Saturday, 6 May 2017

EXCLUSIVE The WBC will do ‘whatever it takes’ to make Anthony Joshua-Deontay Wilder

WBC president Mauricio Sulaiman speaks to John Dennen about Anthony Joshua and the fight he wants to see


EVEN in the heart of Las Vegas, in the final few days ahead of Canelo-Chavez, the stunning heavyweight clash between Anthony Joshua and Wladimir Klitschko at a packed Wembley Stadium has been the topic of much conversation.
WBC president Mauricio Sulaiman told Boxing News, “That was humbling. They brought back interest to the heavyweight division in the best way possible. It was tremendous, it was exciting. I’m just very proud.
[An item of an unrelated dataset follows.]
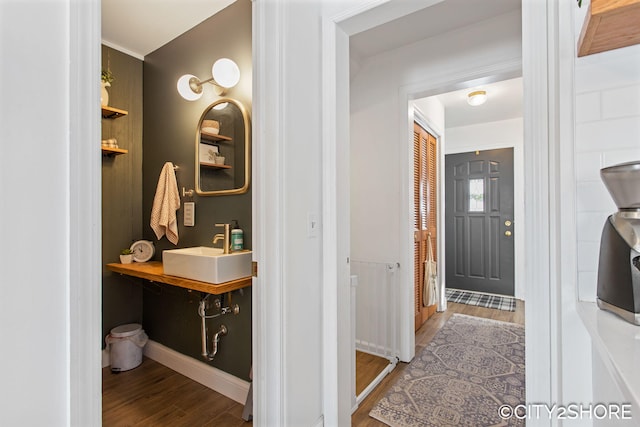 bathroom with baseboards, a sink, and wood finished floors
Anthony Joshua won a medal in the Olympics, was first ranked by the WBC. He won the WBC International [title], he was the first top 10 ranked [by the WBC] and then he kept moving. He was number two in the WBC when he got the opportunity to fight for another title and he was able to become champion and now he has demonstrated his absolute value by knocking out Wladimir Klitschko. I’m very proud, he’s such a nice person. Joshua is a role-model. That’s what boxing needs inside and outside the ring. I’m very proud and I’m sure one day he will be WBC champion.”
Sulaiman would like to see Deontay Wilder and Joshua fight for the WBC heavyweight crown. “That would be a huge fight. Wilder is a great champion and he likes to be active and that would be a tremendous fight. We will support it.”
He continued, “Wilder has a mandatory and I don’t know what’s the status of Joshua. Being champion he’s got two other titles and he might have a mandatory, I don’t know. But I’m sure eventually it will happen. We will do whatever it takes to make it happen.”
Wilder has a strange mandatory challenger to face in Bermane Stiverne, the man Wilder defeated to win the world title. Sulaiman explained, “Stiverne was a champion and Wilder beat him by decision and then Stiverne was going to fight a final elimination against [Alexander] Povetkin and the fight was cancelled due to a positive doping [test]. So he became mandatory through that process.”
Although the Russian is appealing, the WBC have banned Povetkin for two years. “Boxing is not a game,” Sulaiman emphasised. “It’s a dangerous sport and you have to protect the intergrity and the safety of the fighters. I believe in clean boxing, I believe most of the fighters wouldn’t ever something on purpose to hurt an opponent, take advantage. But there are so many supplements, so many products that they don’t even know contain performance enhancing drugs so it’s our task to make sure they become educated about the dangers of what they take in their bodies.”